■ **What is needed**: Any pictures should be dropped; everything else in the records is to be returned exactly.

Provided information Block Start

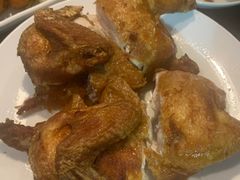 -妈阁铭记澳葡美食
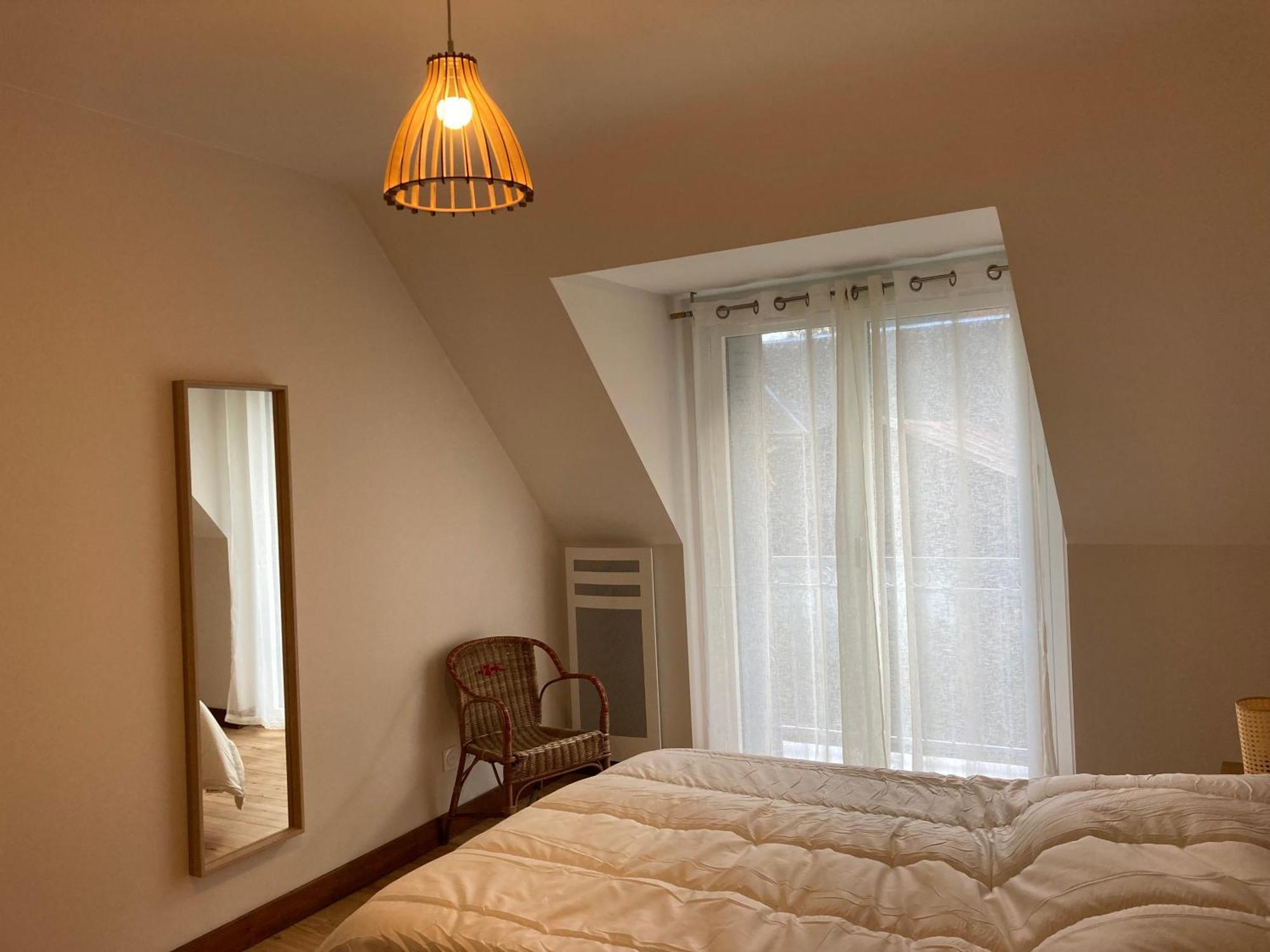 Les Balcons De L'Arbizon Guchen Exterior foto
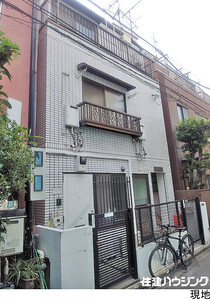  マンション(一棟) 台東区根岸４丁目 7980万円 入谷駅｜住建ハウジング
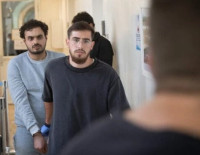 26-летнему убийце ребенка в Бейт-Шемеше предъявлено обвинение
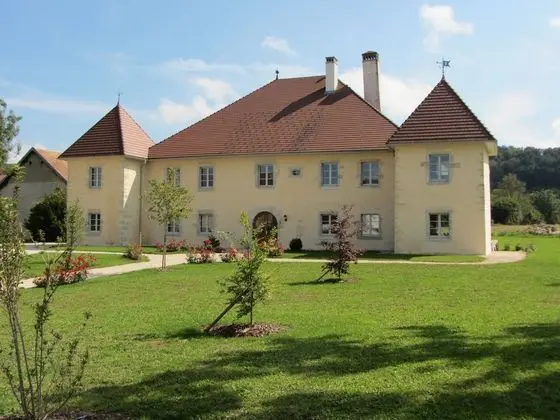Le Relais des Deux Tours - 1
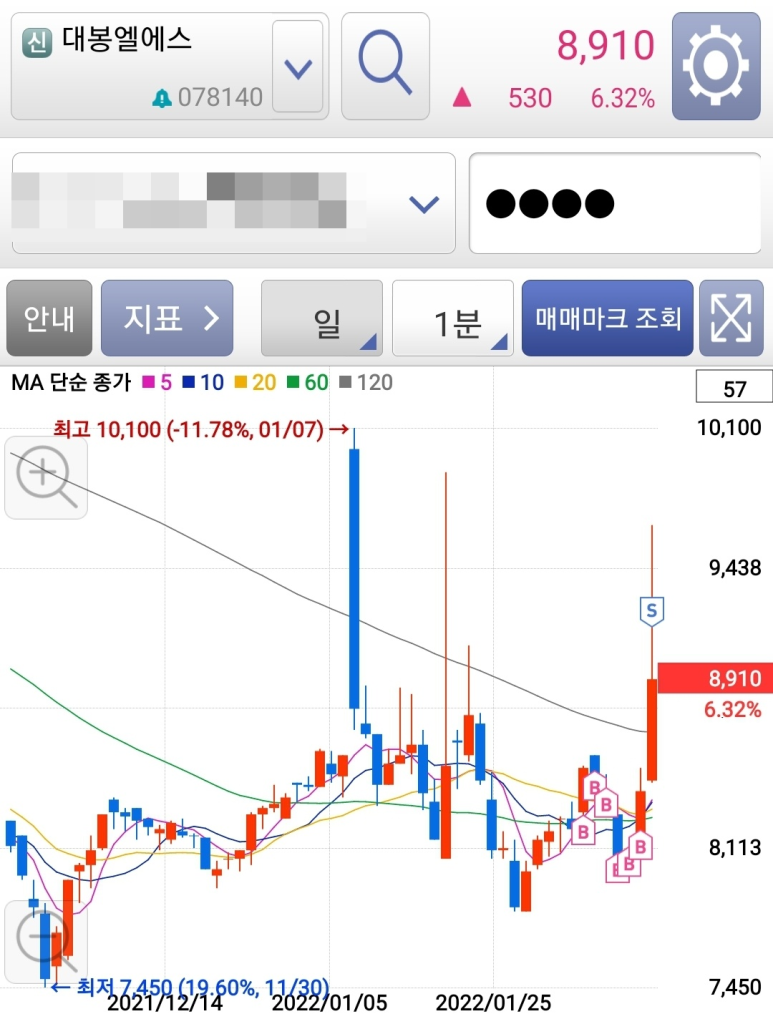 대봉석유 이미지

Provided information Block End

■ **Answer section**:
 -妈阁铭记澳葡美食
 Les Balcons De L'Arbizon Guchen Exterior foto
  マンション(一棟) 台東区根岸４丁目 7980万円 入谷駅｜住建ハウジング
 26-летнему убийце ребенка в Бейт-Шемеше предъявлено обвинение
Le Relais des Deux Tours - 1
 대봉석유 이미지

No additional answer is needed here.